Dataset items
☆ ☆ ☆ ☆ ☆

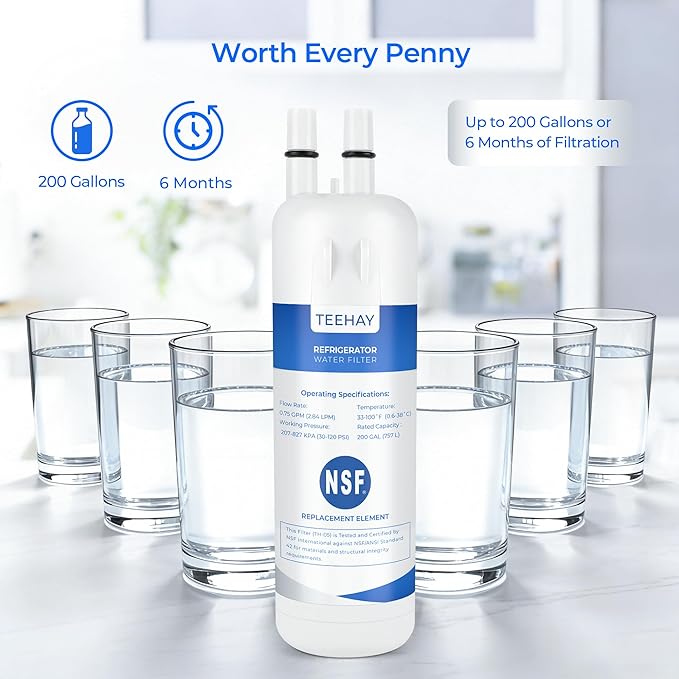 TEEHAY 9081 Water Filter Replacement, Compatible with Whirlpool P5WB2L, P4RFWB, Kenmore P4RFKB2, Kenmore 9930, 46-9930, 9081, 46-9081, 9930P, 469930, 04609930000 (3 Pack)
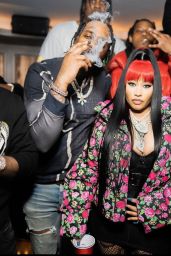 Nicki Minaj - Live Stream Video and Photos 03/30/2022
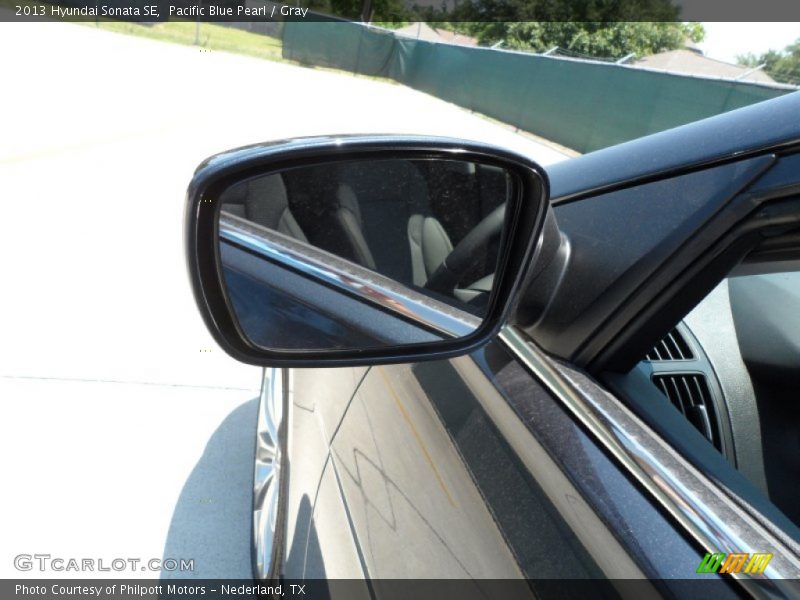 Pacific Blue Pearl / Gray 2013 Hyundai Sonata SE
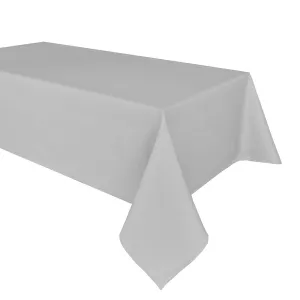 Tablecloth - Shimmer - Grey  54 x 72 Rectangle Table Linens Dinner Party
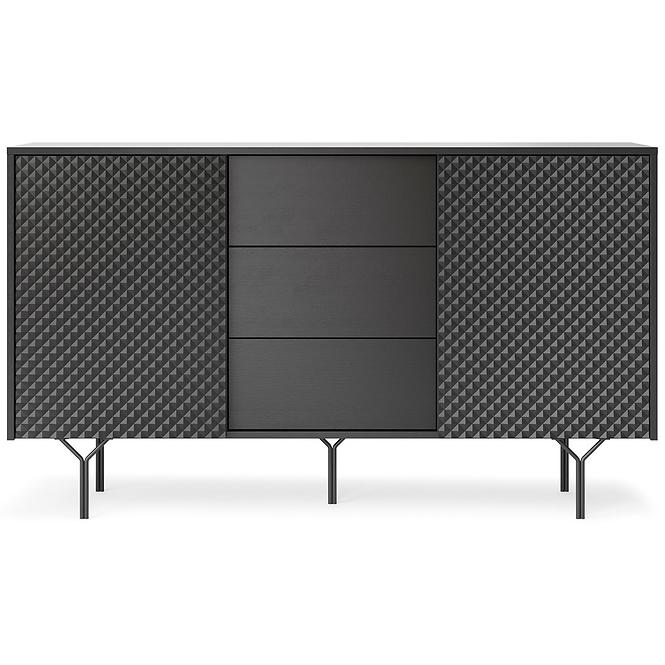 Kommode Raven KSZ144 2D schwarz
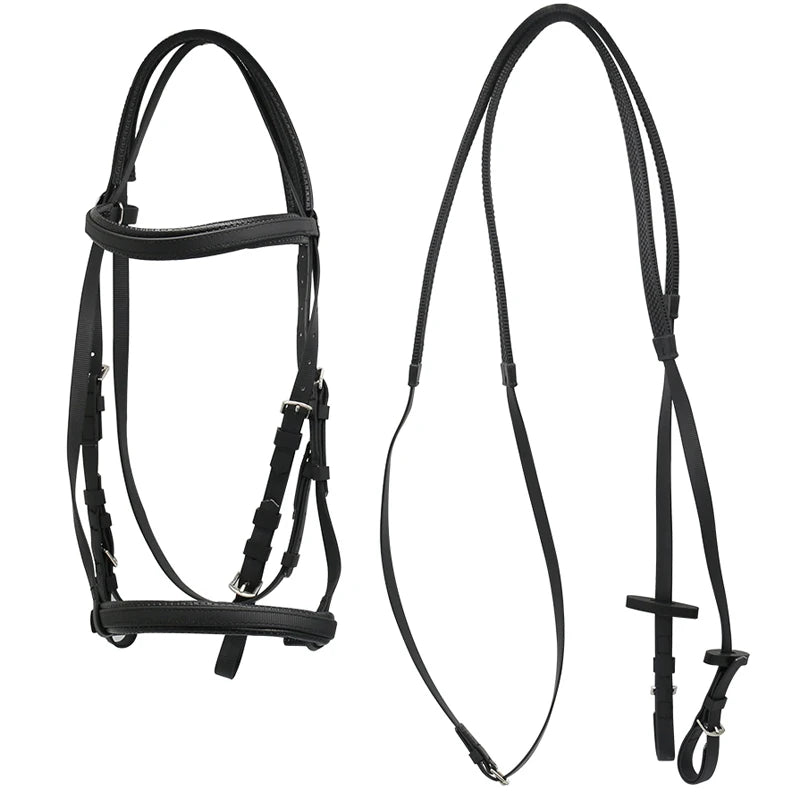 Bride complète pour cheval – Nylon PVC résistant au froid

☆ ☆ ☆ ☆ ☆

Pictures do not belong in the copy. Output all of the records exactly.

 TEEHAY 9081 Water Filter Replacement, Compatible with Whirlpool P5WB2L, P4RFWB, Kenmore P4RFKB2, Kenmore 9930, 46-9930, 9081, 46-9081, 9930P, 469930, 04609930000 (3 Pack)
 Nicki Minaj - Live Stream Video and Photos 03/30/2022
 Pacific Blue Pearl / Gray 2013 Hyundai Sonata SE
 Tablecloth - Shimmer - Grey  54 x 72 Rectangle Table Linens Dinner Party
 Kommode Raven KSZ144 2D schwarz
 Bride complète pour cheval – Nylon PVC résistant au froid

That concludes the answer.